The tone of the press conference softened the edges of what was a largely unchanged official statement. With over 500 basis points of tightening behind them, falling inflation and an economy that is bending rather than breaking, the Fed will be mindful of just how much further they need to push on rates to meet their objectives given they are no longer behind the curve.

Market pricing remains close to the Fed’s message, with the market reflecting an 80% probability that rates are unchanged come September. However, the two inflation figures and employment data released between now and the September meeting will have a decisive role in determining whether the Fed hikes again. The June dot plot signals two rate hikes in 2H 2023. While there are clear signs that inflation pressures in the U.S. are fading, the Fed will be focused on how fast it is falling rather than simply the rate of inflation. Better growth may slow the pace of deflation or limits how far it broadens out leading the Fed to hike again.

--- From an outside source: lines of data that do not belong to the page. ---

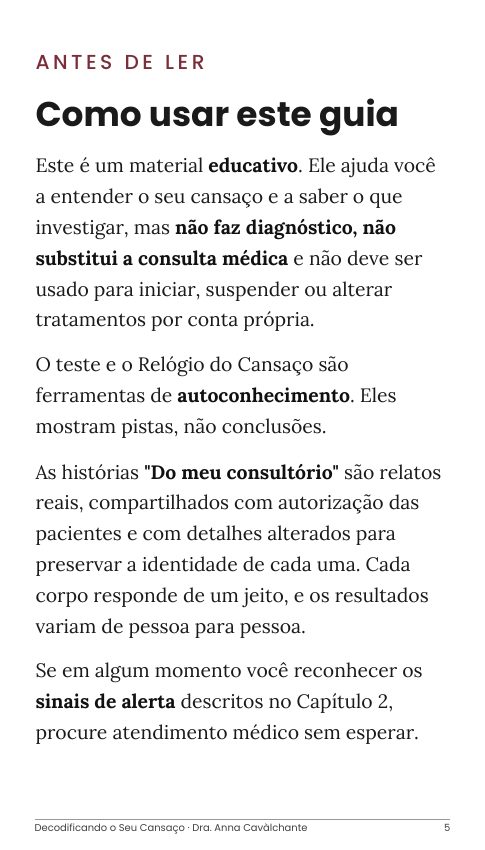 Página interna “Como usar este guia” do e-book
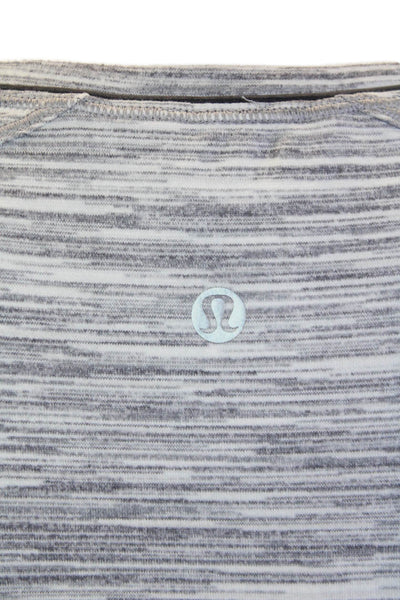 Lululemon Womens Gray Striped Crewneck Short Sleeve T-Shirt Nylon Blend Size 4
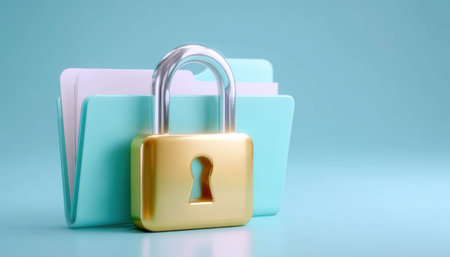 Secure folder concept cybersecurity protecting confidential data with padlock and pastel fileの素材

The ECB is a “definite maybe” for a September rate hike

The optionality on further hikes was reflected in the ECB’s July meeting, with the rate outlook summarized as “definitely maybe”. The ECB faces a tougher challenge as it sets policy for markets experiencing a range of growth and inflation dynamics. For example, in Germany, headline inflation was 6.4% year-over-year (y/y) in June, meanwhile in Spain, inflation is 1.9% y/y and within the ECB’s target.

For the ECB to remain on hold at its next meeting, their forecasts for inflation would need to be closer to the 2% medium-term inflation target. This would likely require a downward revision to economic growth forecasts based on a steady stream of softer economic data.

While both the ECB and Fed have a bias to tighten further, their data dependent nature means the outlook for upcoming meetings is finely balanced. Neither institution is likely to relent on the “official” tightening bias given it may fuel a further easing in financial conditions. What is more important for markets is the scope for rate cuts in 2024. In our view, the Fed is likely to move ahead of the ECB and many other developed market central banks.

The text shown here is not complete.